Preschool or Pre-school? (Hyphen Rule Explained)

When writing about “preschool,” we need to know how to spell it. You might think spelling it is the easy part, but some people write it in its hyphenated form (which isn’t necessarily correct). This article will look into whether it’s one or two words.

Preschool vs. Pre-school

“Preschool” should always be written as one word. It is officially recognized when written in this form because it uses the prefix “pre-” to modify the root word “school.” There is never a reason to hyphenate prefix words like “preschool,” which is why “pre-school” is not used.

Preschool or Pre-school?

According to Google Ngram Viewer, “preschool” is by far the most popular choice that many native speakers use in their writing. However, there are still some listed cases where “pre-school” is used.

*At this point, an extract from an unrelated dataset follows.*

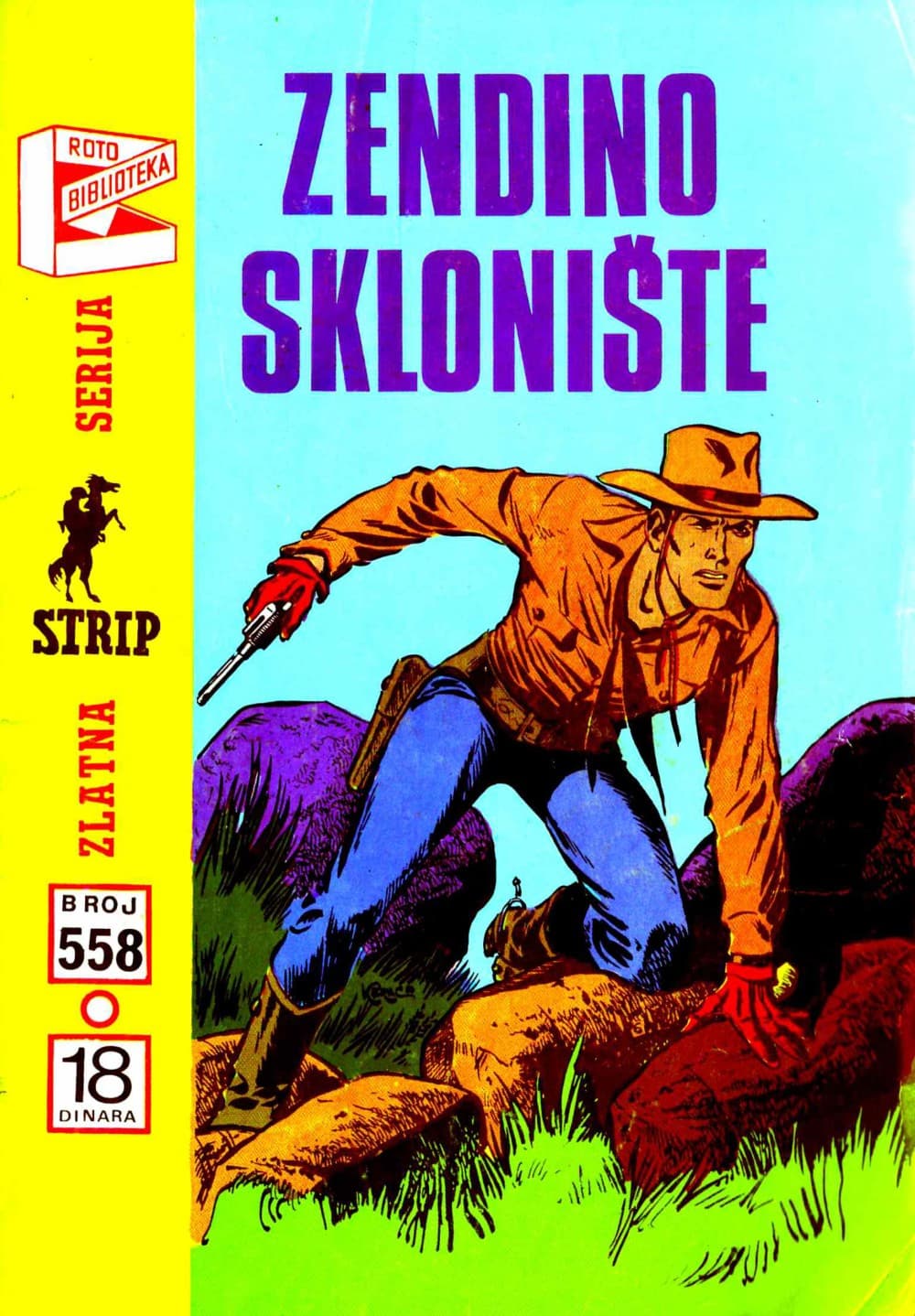 Tex Willer br. 72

Preschool or Pre-school - Statistics

While the graph does show that “pre-school” is used in some cases, that does not mean it’s correct. We only need to refer to some dictionaries to understand that it’s much better to group the words rather than hyphenate them.

In The Oxford Dictionary and The Cambridge Dictionary, only “preschool” is defined. This shows that both dictionaries value the one-word variation since “pre-” is a prefix, which means that no hyphen is required when it modifies the root word of “school.”


“Preschool” is always correct. When working with prefixes in English, it can be common for people to mistakenly include hyphens when they’re unnecessary. This common trait is what leads to confusion about the hyphenated form, but “preschool” should never have a hyphen.

Here are some other “pre-” prefix words to help you understand more about it:

  • Premeditated
  • Predict
  • Preview
  • Prefix
  • Precise

As you can see, none of the above forms are hyphenated. They simply use “pre-” to modify the root word that comes after them. The same applies when using “preschool.”

We use “pre-” to mean “before,” so “preschool” would apply when we’re looking to talk about the years that occur “before school.”

Here are a few examples that would be good for you to understand:

  1. I know of a few good preschool teachers who will be more than happy to help your son with his studies.
  2. Preschool is where it all starts! You’re about to begin your life now, and we can’t wait to see how you grow up.
  3. I didn’t enjoy my time at preschool! I enjoyed it when I got older because I missed all the things I used to do.
  4. If you don’t enjoy your first day at preschool, I’ll be sure to come in again and take you right out of it, okay?


We do not write “pre-school” as a hyphenated form. This is because “pre” is not an official word (it’s a prefix), so there is never going to be a reason where the formation of “pre school” appears in writing. Therefore, there is no reason to group them with a hyphen.

AP Stylebook guidelines teach us that when multiple words modify the same noun, they should be hyphenated to demonstrate the effect. For example, if “make” and “believe” are put together, we would turn it into “make-believe” as an adjective.

The same cannot be said for “preschool” since “pre” is not a word that you’d find in a sentence. We only need to look into some other “pre-” prefix words to see that hyphenated forms are not used (i.e. “pre-fix” is incorrect).

These examples should help clear things up:

  • Correct: I’m not going to be able to take you to preschool today, sport. Are you going to be okay?
  • Incorrect: If you’re not in pre-school by nine o’clock, the teachers are going to ask me what happened to you!
  • Correct: I didn’t want to go back to preschool, but I knew it would make my mom happy.
  • Incorrect: If pre-school was so bad, why did so many of the children enjoy their time there?

Is “School” Capitalized In The Word “Pre-School”?

Since we do not hyphenate “pre-school,” there is no reason to know more about the hyphenated form. Some people get confused about capitalization with hyphens, but it does not apply here.

Instead, you only need to worry about capitalizing “preschool” when it starts a sentence or is in a title. Any other time does not matter because it is not a proper noun.